**Problem to work on**
The required output is the exact text of the lines from the line containing "Bobina Di Accensione" through the final line below, inclusive, without pictures.

**Dataset entries**
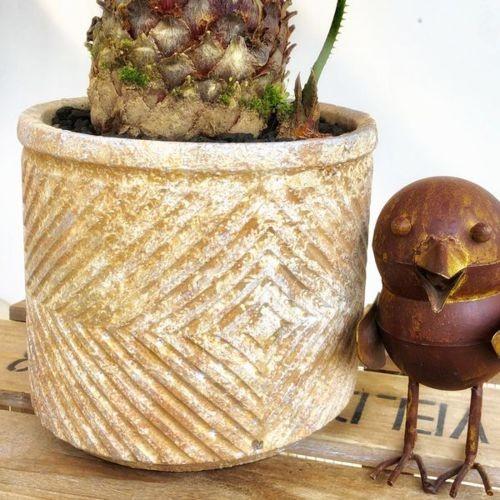 おしゃれ 観葉植物：ソテツ*蘇鉄 鉢植え 富士砂 : 遊恵盆栽 Yahoo!店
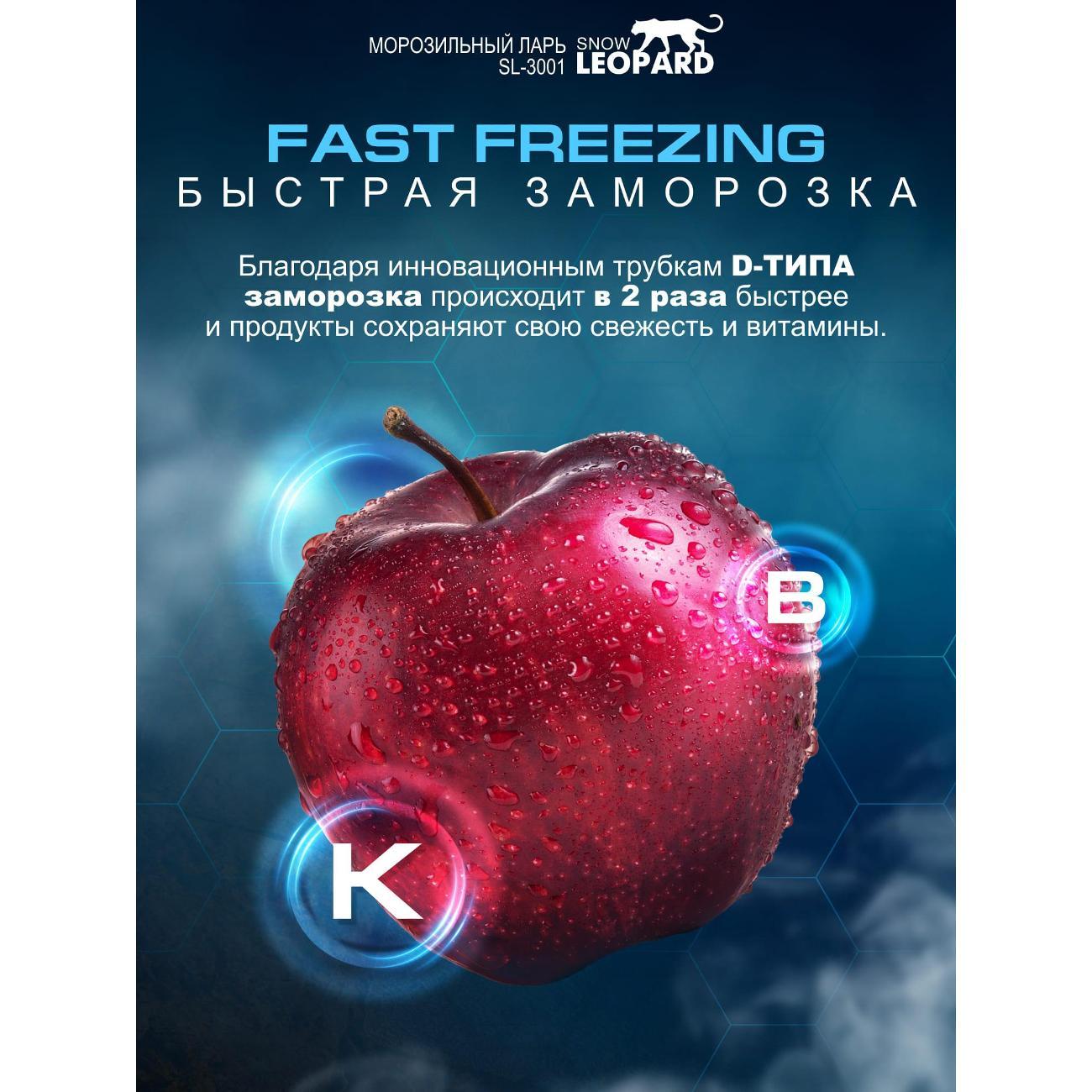 Морозильный ларь SNOW LEOPARD SL-3001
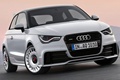 2013 Audi A1 Quattro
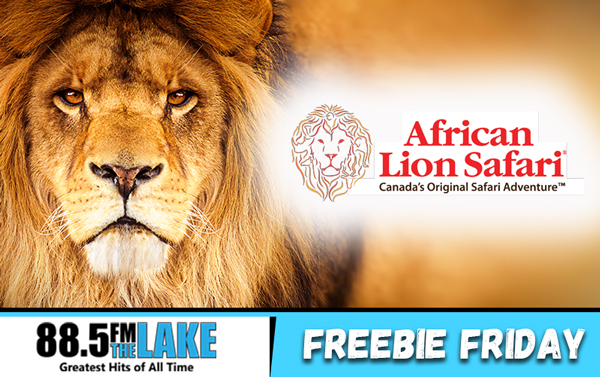 African Lion Safari Freebie Friday!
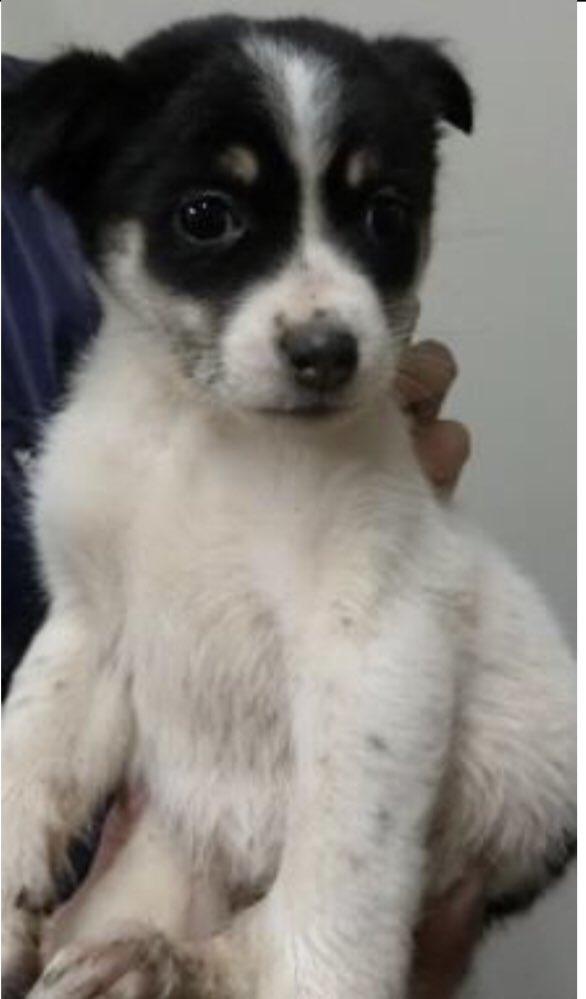 🟧香川県 東讃保健所収容情報1129🟧
野犬の仔犬が捕獲されました
生後2〜3ヶ月の女の子…この子も可愛い子です
どうか保護犬に目を向けて頂けないでしようか🙇

掲載期限：12月5日

この可愛い仔犬の命を守りたい…
家族に迎えて頂けないですか🙇　続↘︎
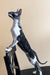 Black and white cat standing tall on hind legs from Hitech Cornish Rex Kitten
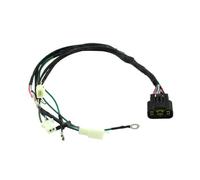 Bobina Di Accensione Arnés Cableado Para Motor De Moto Para Zongshen 125HO 140cc Z155 155cc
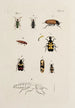 Arkiv för insekternas historia Pl32 - Johann Caspar Füssli — vy av konstverket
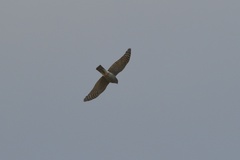 Accipiter nisus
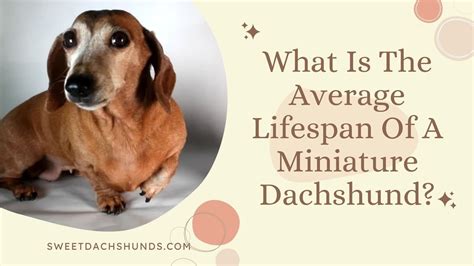 What Is The Average Lifespan Of A Miniature Dachshund Youtube
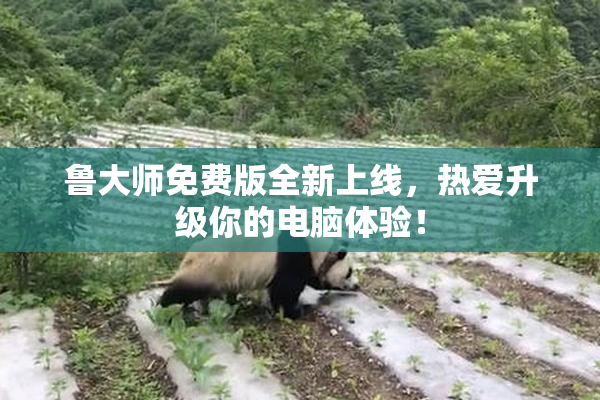 鲁大师免费版全新上线，热爱升级你的电脑体验！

**Task solution**
 Bobina Di Accensione Arnés Cableado Para Motor De Moto Para Zongshen 125HO 140cc Z155 155cc
 Arkiv för insekternas historia Pl32 - Johann Caspar Füssli — vy av konstverket
 Accipiter nisus
 What Is The Average Lifespan Of A Miniature Dachshund Youtube
 鲁大师免费版全新上线，热爱升级你的电脑体验！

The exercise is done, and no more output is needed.